[Rcpp-devel] Best way to compute M'M if M is triangular using RcppArmadillo

Wed Apr 17 16:01:35 CEST 2013

I agree with Dirk. Take a look at the arma::mat constructor in fastLm. If you are not modifying M, use the raw memory constructor.
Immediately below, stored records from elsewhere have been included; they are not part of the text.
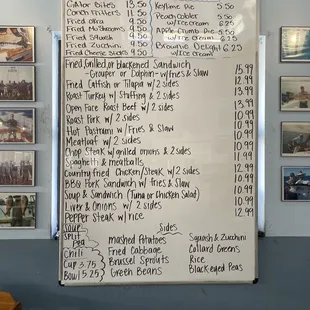 The menu for today at lunch or dinner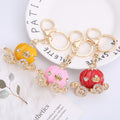 Pumpkin Carriage Enamel Rhinestone Keychain Gold Tone 4 Colors view 1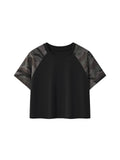 Women’s Camo Raglan Crop T-Shirt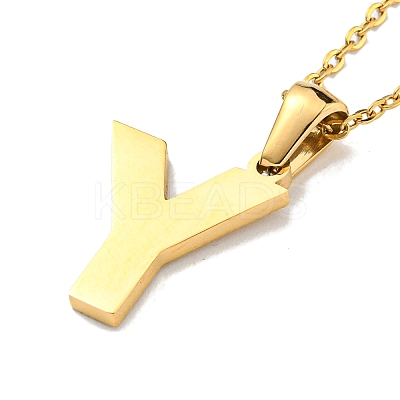 Ion Plating(IP) Initial Letter 304 Stainless Steel Pendant Necklaces NJEW-M199-01G-Y-1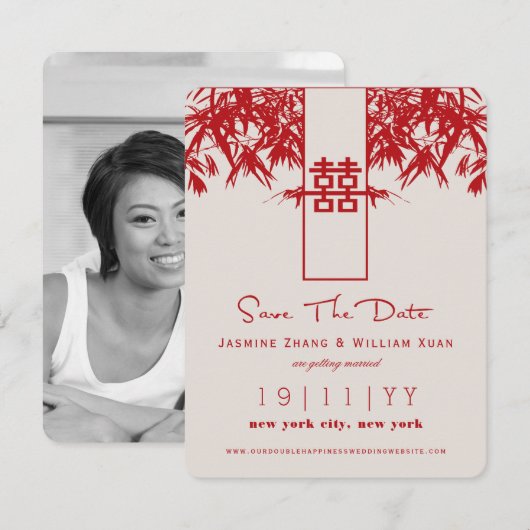Zen Bamboo Double Happiness Chinese Save the Date (Voorkant / Achterkant)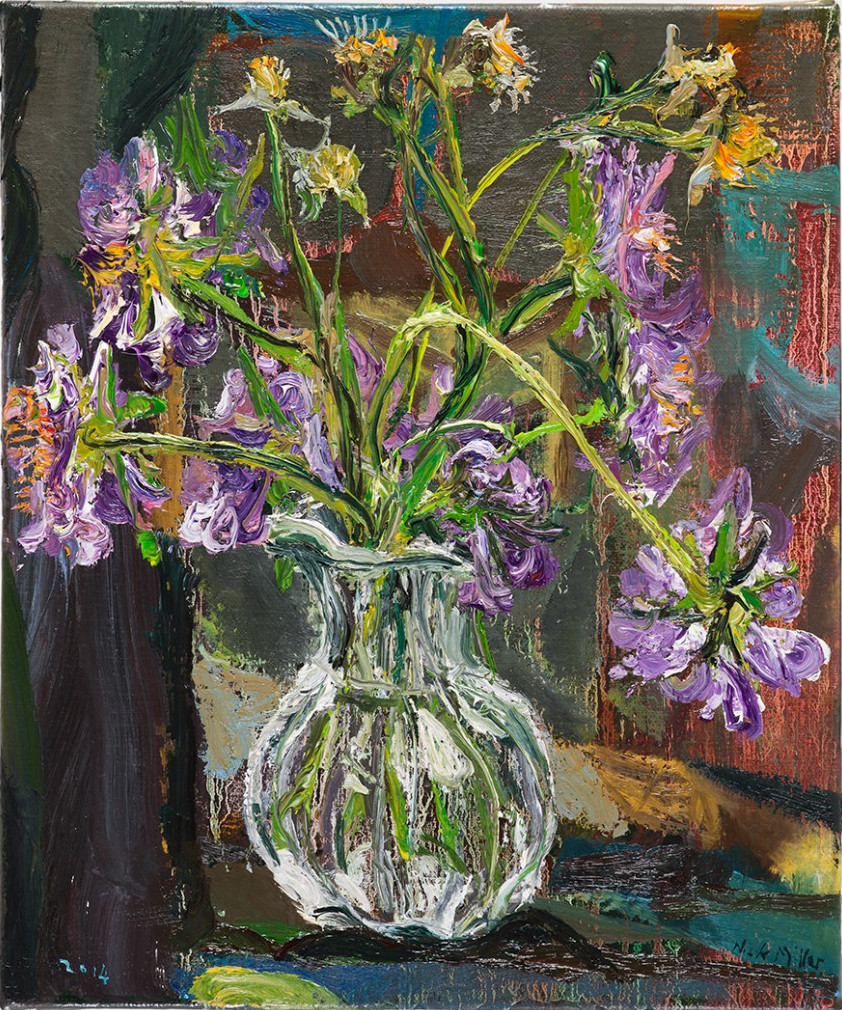 Nick Miller: Scabiosa, 2014, oil on linen, 31 x 21 cm | Nick Miller: Vessels: Nature Morte | Friday 16 January  – Sunday 26 April 2015 | Royal Hibernian Academy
http://gallery.rcpp.org/articles/fast-linear-model-with-armadillo/

I don't see any other way to avoid using Rcpp::wrap in the return statement. Note there may be other places you copy memory, for instance, in Prod1 you write

|   mat prodM = M ;
|   prodM = trans(M) * M  ;

I think the first statement is not necessary.

Dale Smith, Ph.D.
Senior Financial Quantitative Analyst
Risk & Compliance
Fiserv
Office: 678-375-5315
www.fiserv.com

-----Original Message-----
From: rcpp-devel-bounces at r-forge.wu-wien.ac.at [mailto:rcpp-devel-bounces at r-forge.wu-wien.ac.at] On Behalf Of Dirk Eddelbuettel
Sent: Wednesday, April 17, 2013 9:17 AM
To: fernando.tusell at ehu.es
Cc: rcpp-devel at r-forge.wu-wien.ac.at
Subject: Re: [Rcpp-devel] Best way to compute M'M if M is triangular using RcppArmadillo

On 17 April 2013 at 14:24, F.Tusell wrote:
| Not a question strictly about Rcpp but hope this is a right place to 
| ask.
| 
| I am trying to find out what is the fastest possible way to compute 
| M'M for M upper triangular. I have coded,
| 
| // [[Rcpp::export]]
| SEXP Prod1(SEXP M_) {
|   const mat M = as<mat>(M_) ;
|   mat prodM = M ;
|   prodM = trans(M) * M  ;
|   return(wrap(prodM)) ;
| }
| 
| // [[Rcpp::export]]
| SEXP Prod2(SEXP M_) {
|   const mat M = as<mat>(M_) ;
|   mat prodM = M ;
|   prodM = trimatu(M).t() * trimatu(M)  ;
|   return(wrap(prodM)) ;
| }
| 
| 
| // [[Rcpp::export]]
| SEXP Prod3(SEXP M_) {
|   mat M = as<mat>(M_) ;
|   int d = M.n_rows ;
|   mat prodM = M ;
|   double * vM = M.memptr() ;
|   double * vprodM = prodM.memptr() ;
|   const double one = 1 ;
|   const double zero = 0 ;
|   F77_CALL(dsyrk)("L","T",&d,&d,&one,vM,&d,&zero,vprodM,&d)  ;
|   return(wrap(prodM)) ;
| }
| 
| and then tested with:
| 
| require(RcppArmadillo)
| require(microbenchmark)
| sourceCpp("prods.cpp")
| d <- 50
| a <- chol(crossprod(matrix(rnorm(d*d),d,d)))
| 
| m <- microbenchmark(
|        r1 <- Prod1(a),
|        r2 <- Prod2(a),
|        r3 <- Prod3(a),
|        times=100
| 	       )
| 
| This is what I get:
| 
| > m
| Unit: microseconds
|            expr     min       lq   median       uq      max neval
|  r1 <- Prod1(a) 138.749 144.2260 148.4815 159.0830 2456.146   100
|  r2 <- Prod2(a) 296.193 320.0275 329.4770 342.4185 2763.041   100
|  r3 <- Prod3(a) 132.150 138.2590 140.9270 152.3675  218.719   100
| 
| Prod3 using BLAS dsyrk is about as fast as Prod1, using Armadillo.
| I expected that telling Armadillo that M is upper triangular would 
| make for a fastest product, and the contrary seems true; Prod2 takes 
| about twice as much time as Prod1 and Prod3.
| 
| Is there a faster way?

You are going about this the right way by starting with empirics. 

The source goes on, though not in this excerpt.